On the side you’ll find potatoes sautéed in caramelized shallots and a citrus herb salad. We love the combination of fresh parsley, dill, and tarragon to balance the richness of salmon and potatoes. Cook, relax, and enjoy!
What you’ll need:
1 lb regular size Yukon gold potatoes
½ oz fresh parsley
¼ oz fresh dill
¼ oz fresh tarragon
1 lemon
2 6-oz salmon fillets
1 large shallot
coarse salt
olive oil
freshly ground black pepper
Equipment:
large pot
colander
microplane or grater
rimmed baking sheet
large skillet
Recipe steps:
-
Cook potatoes
Preheat oven to 275ºF. Peel potatoes and cut into ½-inch slices.
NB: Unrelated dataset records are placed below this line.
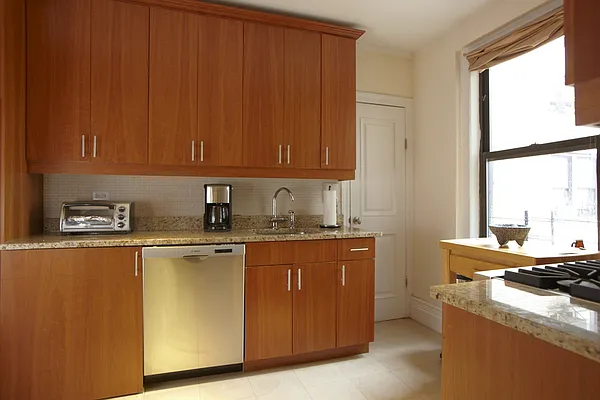 Sold by Stribling | media 2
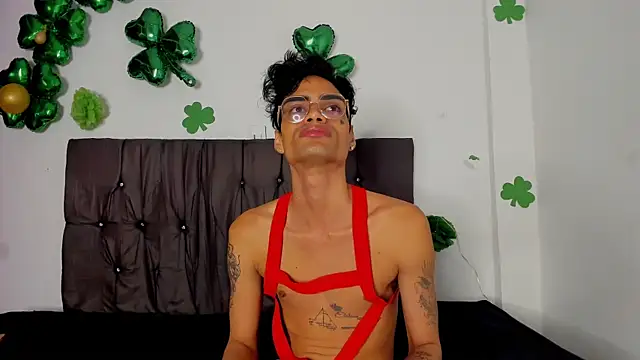 Gay Red Room online show from April 12, 2:59 am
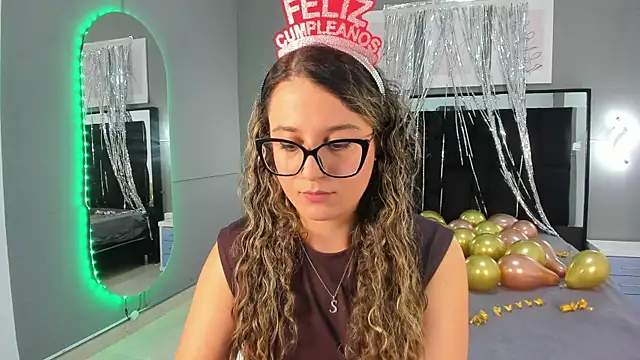 katiaa lovv online show from July 25, 3:14 am
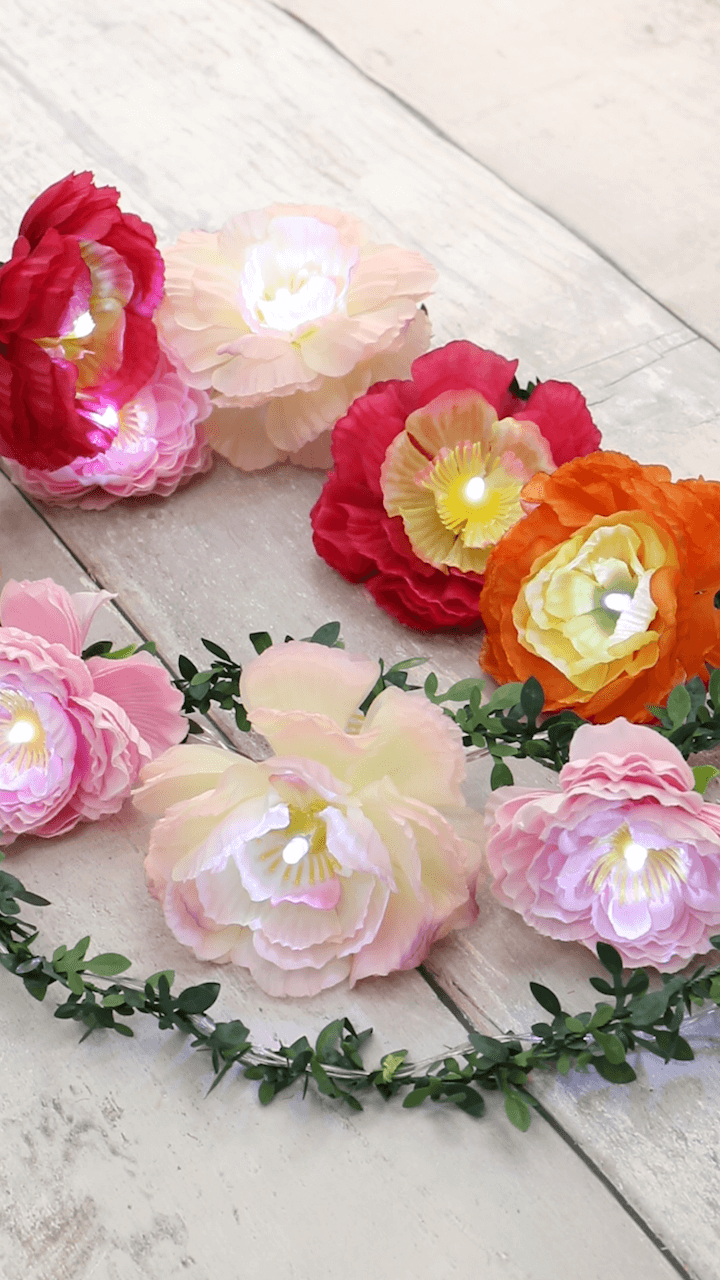 私のリラックス空間♡100円素材で作るフラワーライト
Place potatoes in a large pot, cover with water, and season generously with salt. Bring to a boil and cook until tender, 8–10 minutes. Drain and return to pot to dry. -
Prep herbs & make dressing
Meanwhile, pick leaves from parsley, dill, and tarragon. Zest half of lemon over a medium bowl. Whisk in juice from half a lemon and 2 tablespoons oil. Set aside. -
Bake salmon
Place salmon on a rimmed baking sheet and season with salt and pepper. Bake in the oven until just cooked through and opaque, 15–18 minutes (depending on thickness of salmon). -
Sauté shallot
Halve, peel, and thinly slice shallot. Heat 2 tablespoons oil in a large skillet over medium. Add shallot and cook, stirring, until golden, about 5 minutes; season with salt. Add potatoes to skillet and sauté until golden, 5 more minutes; season to taste with salt and pepper. -
Make herb salad
Add herbs to bowl with dressing and toss to combine; season to taste with salt and pepper. -
Serve
Cut remaining lemon half into wedges. Using a spatula, carefully remove salmon from the rimmed baking sheet (it’s OK if the skin sticks to the sheet). Serve alongside potatoes and lemon wedges for squeezing over and top with the herb salad.